In the present day, KPMG’s review, which analyses the most currently available APRA and ATO data, reports that the total value of funds rose in the 12 months to 30 June 2021 from $2.4trn to $2.8trn, while continued merger activity cut the number of APRA-regulated funds from 154 to 144. The market is already concentrated, as 13 funds with net assets above $50bn now hold 75 percent of the total net assets (excluding SMSFs) and 78 percent of members.

The review shows it was a mixed year for the sector, with a 5 percent fall in member numbers from 22 million to 20.8 million (excluding SMSFs) due to the first stage of closure for Eligible Rollover Funds (ERFs), and the ongoing impact of the Superannuation Early Release Payments. But this was countered by recoveries in share markets and an increase in contribution levels of 13 percent from members and 8 percent from employers.

Retail super funds led the way here with a 44 percent rise in the average member contribution; and industry funds seeing a 19 percent increase. The combination of positive net cash flows and higher net returns, on average, across industry funds saw them overtaking the SMSF cohort in assets held for the first time. Across the industry the average net cashflow ratio increased from 1.13 percent to 1.4 percent while the number of funds in net outflow fell from 50 out of 83 in 2019/20 to 38 out of 75 in 2020/21.

The average account balance across all funds (excluding SMSFs) was $93,165, ranging from an average of $75,397 in the industry fund sector to $226,714 across corporate funds.

The report emphasises how the Australian super fund sector needs to move its focus from the great success of the accumulation phase to a retirement system.

Linda Elkins, KPMG National Sector Leader, Asset and Wealth Management, said: “While our review shows that results for the super industry this year were quite strong, it’s now time for funds to shift the conversation from accumulation to retirement. The Your Future, Your Super legislation – in particular stapling and the Annual Performance Test – will continue to put pressure on a segment of the sector and result in further consolidation, while continuing funds need to look forward to meeting their current and future member needs.

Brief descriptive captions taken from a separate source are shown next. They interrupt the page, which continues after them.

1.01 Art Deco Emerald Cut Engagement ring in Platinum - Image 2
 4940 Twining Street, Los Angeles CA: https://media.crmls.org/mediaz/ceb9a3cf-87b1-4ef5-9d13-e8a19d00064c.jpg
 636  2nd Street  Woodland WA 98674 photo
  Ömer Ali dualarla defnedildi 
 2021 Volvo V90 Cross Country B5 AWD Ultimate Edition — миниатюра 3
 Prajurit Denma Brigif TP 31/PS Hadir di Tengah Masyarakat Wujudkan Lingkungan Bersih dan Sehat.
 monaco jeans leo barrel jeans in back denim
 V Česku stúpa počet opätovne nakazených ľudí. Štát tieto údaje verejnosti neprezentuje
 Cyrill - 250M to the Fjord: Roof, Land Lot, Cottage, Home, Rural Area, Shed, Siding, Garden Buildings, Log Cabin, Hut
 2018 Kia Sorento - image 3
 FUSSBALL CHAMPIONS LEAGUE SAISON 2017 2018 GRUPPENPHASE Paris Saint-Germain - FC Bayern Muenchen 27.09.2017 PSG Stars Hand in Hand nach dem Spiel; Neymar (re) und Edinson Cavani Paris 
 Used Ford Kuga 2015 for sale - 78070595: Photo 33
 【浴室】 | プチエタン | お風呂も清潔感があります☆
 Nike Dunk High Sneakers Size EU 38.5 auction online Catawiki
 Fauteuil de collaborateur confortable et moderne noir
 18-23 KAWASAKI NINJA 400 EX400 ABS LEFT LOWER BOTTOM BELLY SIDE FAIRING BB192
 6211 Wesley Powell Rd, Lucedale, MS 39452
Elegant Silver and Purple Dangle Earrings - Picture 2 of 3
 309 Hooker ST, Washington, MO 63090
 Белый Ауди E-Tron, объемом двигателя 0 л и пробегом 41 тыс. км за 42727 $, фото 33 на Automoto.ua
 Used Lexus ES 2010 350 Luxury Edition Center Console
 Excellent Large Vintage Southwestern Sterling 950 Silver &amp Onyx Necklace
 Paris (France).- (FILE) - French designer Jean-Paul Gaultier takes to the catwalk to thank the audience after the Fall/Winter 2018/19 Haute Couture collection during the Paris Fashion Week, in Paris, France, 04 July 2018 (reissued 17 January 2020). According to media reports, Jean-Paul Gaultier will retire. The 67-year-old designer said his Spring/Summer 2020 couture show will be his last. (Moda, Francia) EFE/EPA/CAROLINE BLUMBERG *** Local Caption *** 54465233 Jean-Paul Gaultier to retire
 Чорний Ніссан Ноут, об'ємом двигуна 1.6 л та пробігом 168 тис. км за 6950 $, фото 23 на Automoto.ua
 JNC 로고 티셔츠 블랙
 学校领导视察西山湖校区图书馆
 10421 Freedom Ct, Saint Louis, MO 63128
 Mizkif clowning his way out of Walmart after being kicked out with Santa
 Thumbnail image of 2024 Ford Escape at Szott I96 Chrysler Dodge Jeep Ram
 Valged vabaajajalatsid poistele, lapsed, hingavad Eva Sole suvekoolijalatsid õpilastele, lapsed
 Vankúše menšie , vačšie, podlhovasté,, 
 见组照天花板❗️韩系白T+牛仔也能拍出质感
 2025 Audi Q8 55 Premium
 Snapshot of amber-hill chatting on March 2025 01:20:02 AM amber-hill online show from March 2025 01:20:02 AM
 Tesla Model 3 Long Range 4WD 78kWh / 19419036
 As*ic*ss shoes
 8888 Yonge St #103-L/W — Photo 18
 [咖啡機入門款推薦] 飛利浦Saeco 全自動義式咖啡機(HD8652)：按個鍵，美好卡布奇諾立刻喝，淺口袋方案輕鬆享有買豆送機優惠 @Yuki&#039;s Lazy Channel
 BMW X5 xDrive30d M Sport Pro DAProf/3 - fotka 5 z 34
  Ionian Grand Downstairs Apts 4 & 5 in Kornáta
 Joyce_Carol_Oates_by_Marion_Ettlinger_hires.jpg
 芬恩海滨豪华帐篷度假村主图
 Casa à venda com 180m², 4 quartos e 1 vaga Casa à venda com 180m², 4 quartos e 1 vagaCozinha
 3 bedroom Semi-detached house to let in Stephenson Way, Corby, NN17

“In the context of inflows which are no longer driven by default arrangements, retaining scale will be about attraction and retention of members. With around 20 percent of total member benefits now in the retirement phase, the requirements of the Retirement Incomes Covenant formalise the need for funds to develop strategies and products for members approaching and in retirement. These need to be delivered in the context of increased regulatory scrutiny and the overarching requirement to act in members’ best financial interests. To succeed, funds will need to increase their access to data for identification and analysis purposes.”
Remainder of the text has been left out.